Update \(\lambda\) by stochastic way.
learn_model (save_model_every=0, compute_sparsity_every=0, save_statistic=False, save_top_words_every=0, num_top_words=10, model_folder=None, save_topic_proportions=None)

This used for learning model and to save model, statistics of model.

Parameters:
- save_model_every: int, default: 0. If it is set to 2, it means at iterators: 0, 2, 4, 6, …, model will is save into a file. If setting default, model won’t be saved.
- compute_sparsity_every: int, default: 0. Compute sparsity and store in attribute statistics. The word “every” here means as same as save_model_every
- save_statistic: boolean, default: False. Saving statistics or not. The statistics here is the time of E-step, time of M-step, sparsity of document in corpus
- save_top_words_every: int, default: 0. Used for saving top words of topics (highest probability). Number words displayed is num_top_words parameter.
- num_top_words: int, default: 20. By default, the number of words displayed is 10.
- model_folder: string, default: None. The place which model file, statistics file are saved.
- save_topic_proportions: string, default: None. This used to save topic proportions \(\theta\) of each document in training corpus. The value of it is path of file .h5
Return: the learned model (object of class LdaModel)
infer_new_docs (new_corpus)

This used to do inference for new documents. new_corpus is object Corpus. This method return \(\gamma\)

Example¶

from tmlib.lda import StreamingVB
from tmlib.datasets import DataSet

# data preparation
data = DataSet(data_path='data/ap_train_raw.txt', batch_size=100, passes=5, shuffle_every=2)
# learning and save the model, statistics in folder 'models-streaming-vb'
streaming_vb = StreamingVB(data=data, num_topics=20, alpha=0.2)
model = streaming_vb.learn_model(save_model_every=1, compute_sparsity_every=1, save_statistic=True, save_top_words_every=1, num_top_words=10, model_folder='models-streaming-vb')

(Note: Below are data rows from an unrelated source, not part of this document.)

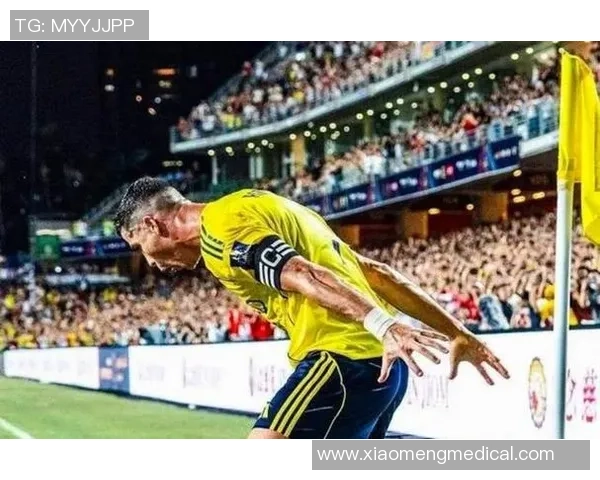 当足球巨星场上陷入无语时刻意外瞬间引发全场笑声 当足球巨星场上陷入无语时刻意外瞬间引发全场笑声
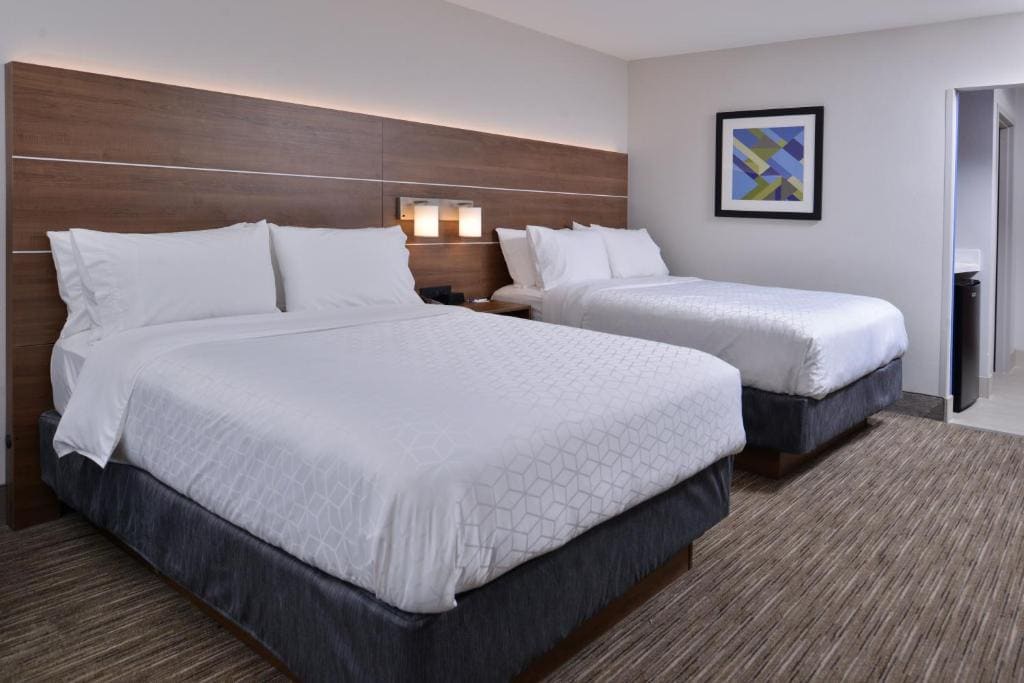 Standard Queen Room with Two Queen Beds room - Image 1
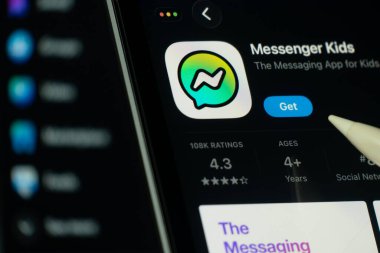 Dhaka, Bangladeş - 24 Ekim 2025: Facebook Messenger uygulamasını Uygulama mağazasında gösteren bir iPad ekranı.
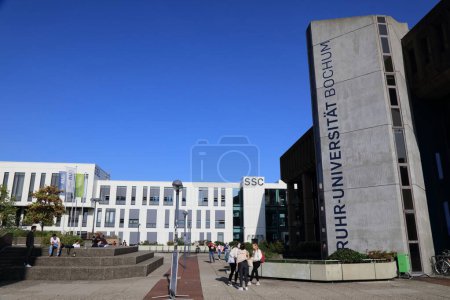 Téléchargez les photos : BOCHUM, ALLEMAGNE - 17 SEPTEMBRE 2020 : Les gens visitent l'Université Ruhr à Bochum. Avec 42 425 étudiants, c'est la 8e plus grande université d'Allemagne. - en image libre de droit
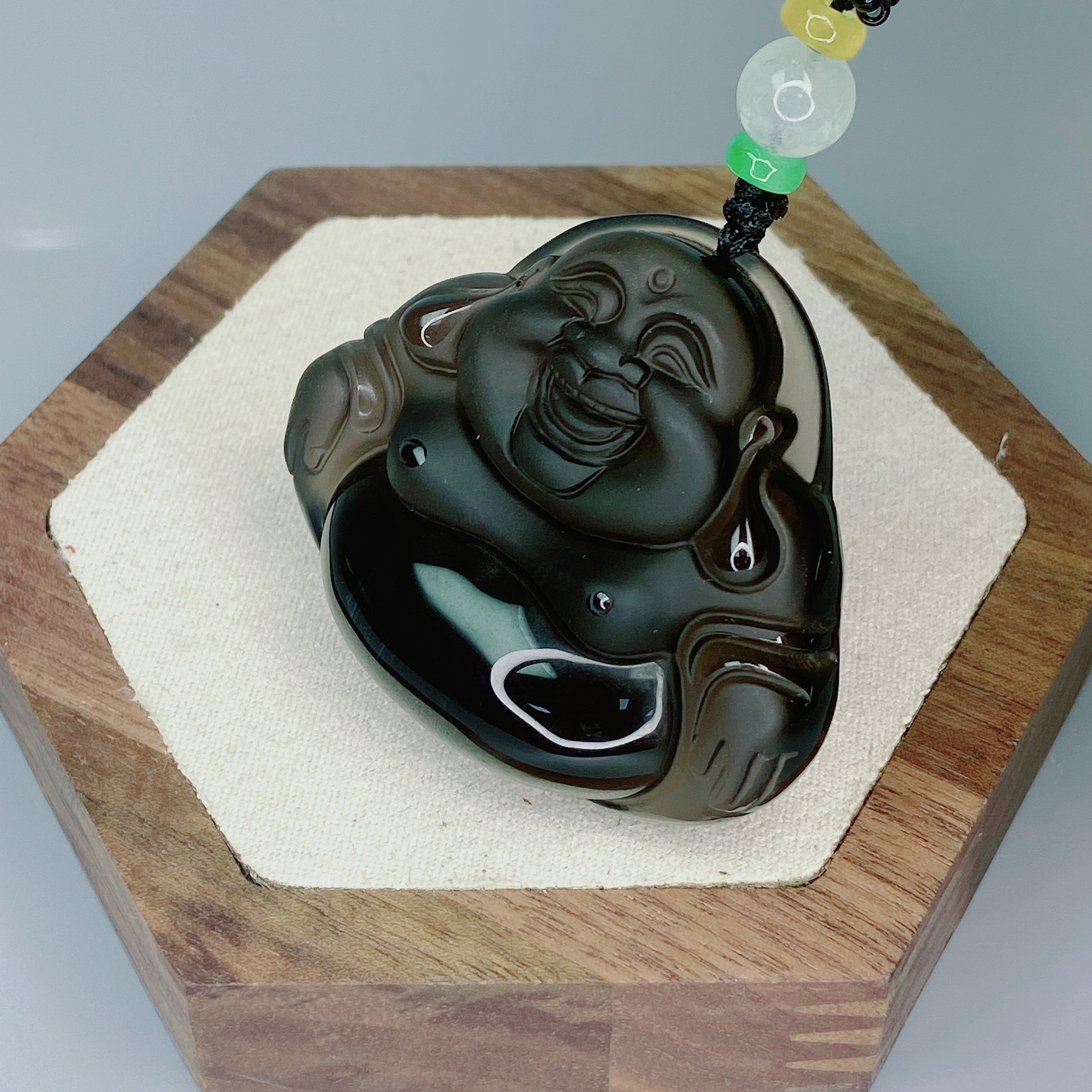 천연 얼음 흑요석 배 앉아 MAITREYA 남성 펜던트 패션 분위기 펜던트 도매 남성과 여성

# inference for new documents
vocab_file = data.vocab_file
# create object ``Corpus`` to store new documents
new_corpus = data.load_new_documents('data/ap_infer_raw.txt', vocab_file=vocab_file)
gamma = streaming_vb.infer_new_docs(new_corpus)

[1]	Blei, A. Y. Ng, and M. I. Jordan, “Latent dirichlet allocation,” Journal of Machine Learning Research, vol. 3, no. 3, pp. 993–1022, 2003.

[2]	Tamara Broderick, Nicholas Boyd, Andre Wibisono, Ashia C Wilson, and Michael Jordan. Streaming variational bayes. In Advances in Neural Information Processing Systems, pages 1727{1735, 2013.